But I would suggest, if nothing else, more variety in what you kill. One of the reasons I can't stand LOTRO (which I have to play, being dumb enough to get a lifetime sub) is that the Kill X is the same stuff, over and over and over. Goblins, bears, boars, orcs. Then higher level goblins, bears, boars and orcs. And so on.
I also think there are quests that can involve more than combat. For instance, and I thik Lotro has a few of these, acutally, going to a certain location, to scout. If a game had a stealth mechanic, you could have things like stealth quests.
You could also have quests where you have to talk to NPCs. Like say, how Bilbo won the ring from Gollum.
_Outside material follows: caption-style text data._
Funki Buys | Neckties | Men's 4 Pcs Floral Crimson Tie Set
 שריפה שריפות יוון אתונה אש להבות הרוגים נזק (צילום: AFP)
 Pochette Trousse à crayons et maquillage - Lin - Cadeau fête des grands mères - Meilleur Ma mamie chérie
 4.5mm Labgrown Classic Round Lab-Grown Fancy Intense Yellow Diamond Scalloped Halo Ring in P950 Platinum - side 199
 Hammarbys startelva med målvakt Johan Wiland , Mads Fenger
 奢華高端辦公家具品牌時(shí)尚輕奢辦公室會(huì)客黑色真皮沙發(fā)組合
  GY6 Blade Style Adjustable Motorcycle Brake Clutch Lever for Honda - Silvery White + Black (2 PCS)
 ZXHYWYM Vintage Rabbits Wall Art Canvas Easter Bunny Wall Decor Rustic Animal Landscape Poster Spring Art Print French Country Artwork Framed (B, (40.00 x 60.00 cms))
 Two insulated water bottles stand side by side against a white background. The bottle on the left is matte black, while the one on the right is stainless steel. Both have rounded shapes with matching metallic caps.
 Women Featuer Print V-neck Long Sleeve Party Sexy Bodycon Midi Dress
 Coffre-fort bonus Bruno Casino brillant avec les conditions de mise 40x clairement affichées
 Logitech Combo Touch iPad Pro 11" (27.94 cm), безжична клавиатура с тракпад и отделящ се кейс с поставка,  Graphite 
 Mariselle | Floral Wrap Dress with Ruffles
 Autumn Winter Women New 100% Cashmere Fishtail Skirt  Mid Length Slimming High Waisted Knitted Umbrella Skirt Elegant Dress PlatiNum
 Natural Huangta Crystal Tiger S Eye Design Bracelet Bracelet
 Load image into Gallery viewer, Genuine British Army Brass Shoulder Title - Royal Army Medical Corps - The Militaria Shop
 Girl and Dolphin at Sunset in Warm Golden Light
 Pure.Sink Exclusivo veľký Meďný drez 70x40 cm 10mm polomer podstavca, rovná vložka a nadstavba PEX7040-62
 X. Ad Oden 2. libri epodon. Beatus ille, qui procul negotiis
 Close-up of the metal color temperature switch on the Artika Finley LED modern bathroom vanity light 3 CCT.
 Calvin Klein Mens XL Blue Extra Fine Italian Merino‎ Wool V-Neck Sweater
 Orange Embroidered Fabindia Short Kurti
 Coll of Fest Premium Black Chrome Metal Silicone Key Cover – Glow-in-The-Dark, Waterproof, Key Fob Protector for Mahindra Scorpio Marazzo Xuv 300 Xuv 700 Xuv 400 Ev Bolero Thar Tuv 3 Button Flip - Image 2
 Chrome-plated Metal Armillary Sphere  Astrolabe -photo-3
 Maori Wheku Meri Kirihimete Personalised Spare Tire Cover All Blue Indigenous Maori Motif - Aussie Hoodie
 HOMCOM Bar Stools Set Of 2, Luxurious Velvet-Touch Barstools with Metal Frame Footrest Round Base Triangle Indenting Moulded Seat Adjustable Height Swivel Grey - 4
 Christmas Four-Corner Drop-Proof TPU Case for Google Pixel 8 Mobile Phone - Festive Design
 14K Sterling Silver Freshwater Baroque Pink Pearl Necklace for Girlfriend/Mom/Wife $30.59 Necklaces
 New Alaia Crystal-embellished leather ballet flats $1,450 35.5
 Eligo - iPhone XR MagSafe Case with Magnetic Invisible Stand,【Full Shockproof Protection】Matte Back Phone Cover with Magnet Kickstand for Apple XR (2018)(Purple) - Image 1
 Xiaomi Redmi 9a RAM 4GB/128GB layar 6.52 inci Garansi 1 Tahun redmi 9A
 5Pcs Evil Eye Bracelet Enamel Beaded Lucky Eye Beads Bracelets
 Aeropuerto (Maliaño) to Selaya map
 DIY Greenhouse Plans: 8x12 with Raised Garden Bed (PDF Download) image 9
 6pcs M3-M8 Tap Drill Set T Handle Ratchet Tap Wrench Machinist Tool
But almost no MMORPGs have any sort of "contest" mechanics with NPCs other than combat.
R.I.P. City of Heroes and my 17 characters there
The most complained quests are kill quests, "Fed Ex" or "delivery" quests where you take an item from one NPC to another, and talk-to quests.
My best guess is that they want multi-stage quests that have more objectives than just any of these three.
Surprisingly, if you've ever played Runescape, those quests are different. Some are Kill X, some are Fed Ex, and some are talk-to, but most have a combination and also have things like gathering items, making items, solving puzzles, scouting areas, etc. That's about as advanced as you're gonna get with the quest system I think.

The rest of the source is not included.